Rebondissant toujours sur le propos du Président congolais à l’ONU – qui insistait sur un retrait « progressif et responsable » des casques bleus – Bintou Keita a expliqué que par rapport à la situation en RDC, la Mission onusienne se retire « progressivement » depuis quelques années de plusieurs provinces du pays.

« Nous nous sommes retirés de la province du Kasaï en 2021 ; de la province du Tanganyika en juin 2022 et maintenant nous sommes dans trois provinces de ce grand pays qui a neuf voisins [ndlr. Ituri, le Nord-Kivu et le Sud-Kivu ] Et donc notre départ se fera à partir de ces trois provinces. Il y a 145 territoires en RDC, et même dans ces trois provinces que nous sommes, nous sommes dans des problématiques avec des groupes armés qui sont essentiellement dans 15 ou 20 territoires. C’est là où, se trouvent les points chauds par rapport à notre mandat », a renchéri la représentante d’Antonió Guterres en RDC.

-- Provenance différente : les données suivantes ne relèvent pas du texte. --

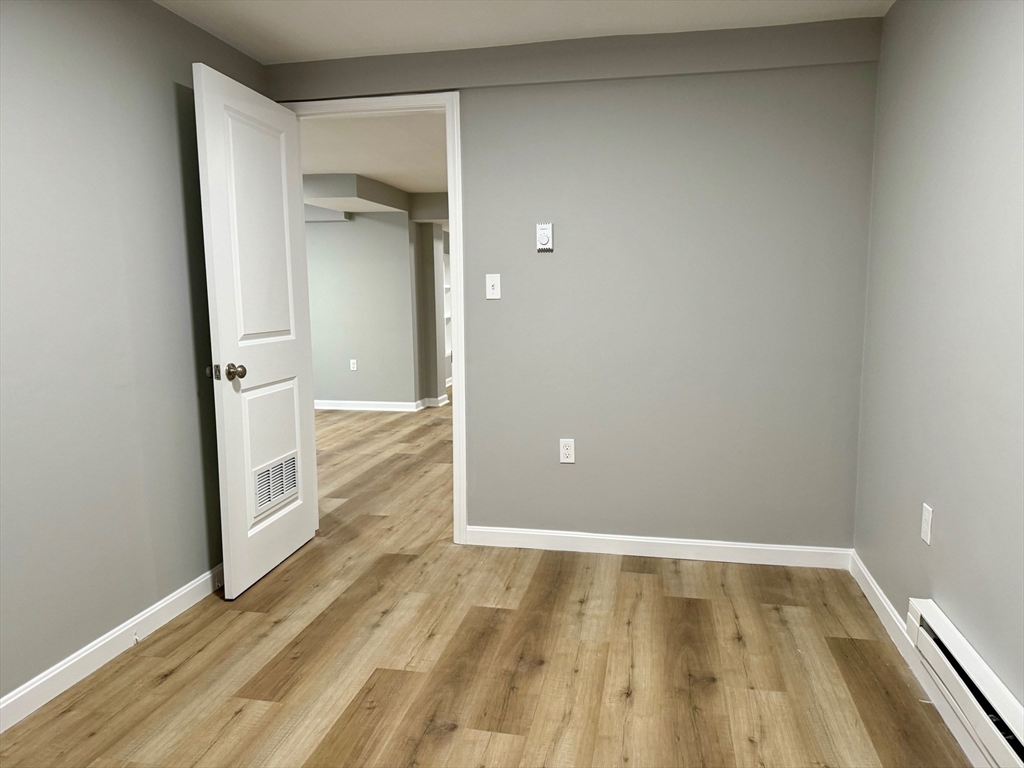 38 Emmons Street, Unit 5 Franklin, MA 02038 - Photo 7 of 16 a view of walk in closet with wooden floor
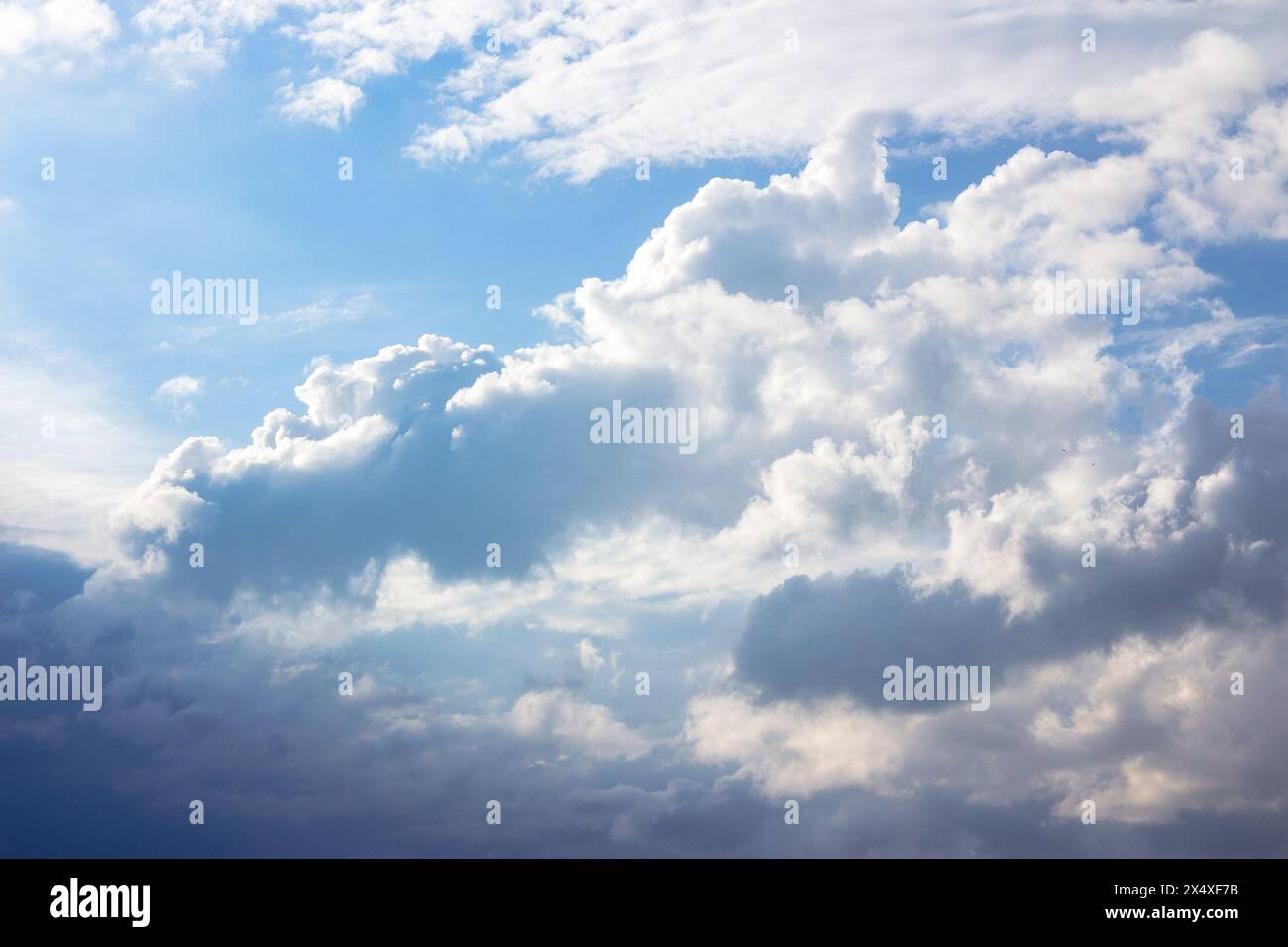 Wolken am blauen Himmel im Nachmittagslicht. Stürmisches Wetter nähert sich im Sommer Stockfoto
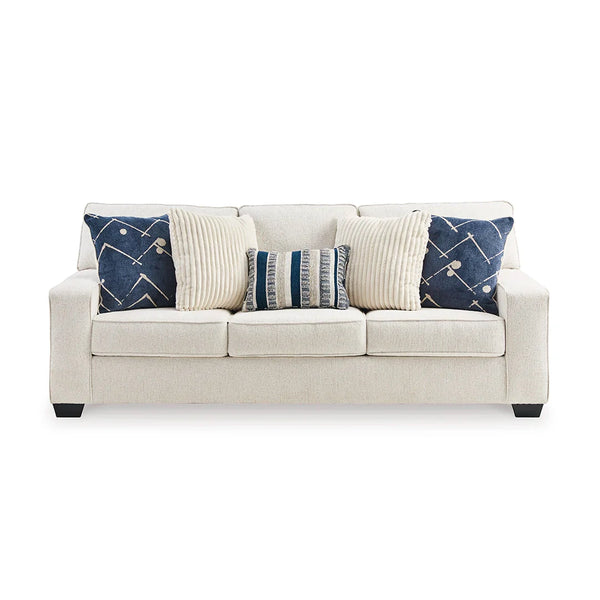Contemporary sofa with light upholstery and accent pillows – Ashley UAE.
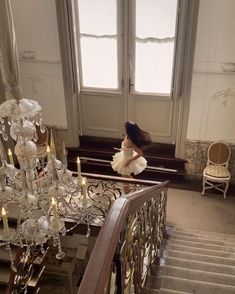 a woman in white dress standing on stairs next to chandelier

Dans un autre registre, la patronne de la Mission de l’ONU en RDC a affirmé avoir constaté « un très grand décalage » entre ce que peuvent faire les casques bleus en terme de protection physique sur terrain et la compréhension du mandat par la population et les élites congolaises.

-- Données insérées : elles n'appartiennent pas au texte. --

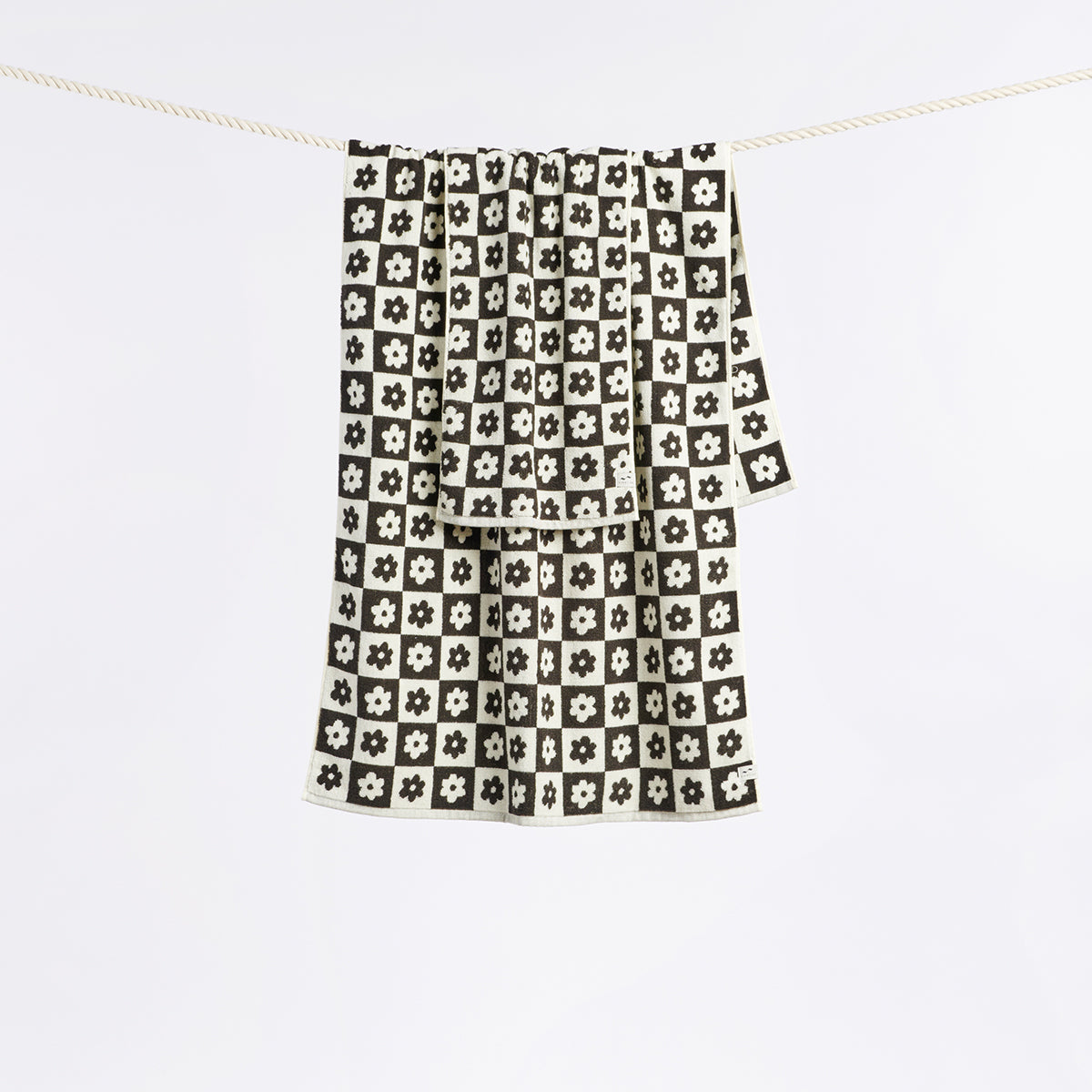 Hand towel in sustainable cotton with black and white check pattern and floral accents on clothesline.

« Les casques bleus font le maximum de ce qu’ils peuvent faire sur ce vaste étendue qu’est la République démocratique du Congo et notamment ces trois provinces parce que personne ne peut imaginer, il n’y a pas des routes, les infrastructures sont quasiment pauvres, c’est plusieurs kilomètres à parcourir même avec un véhicule bien rodée », s’est-elle plaint.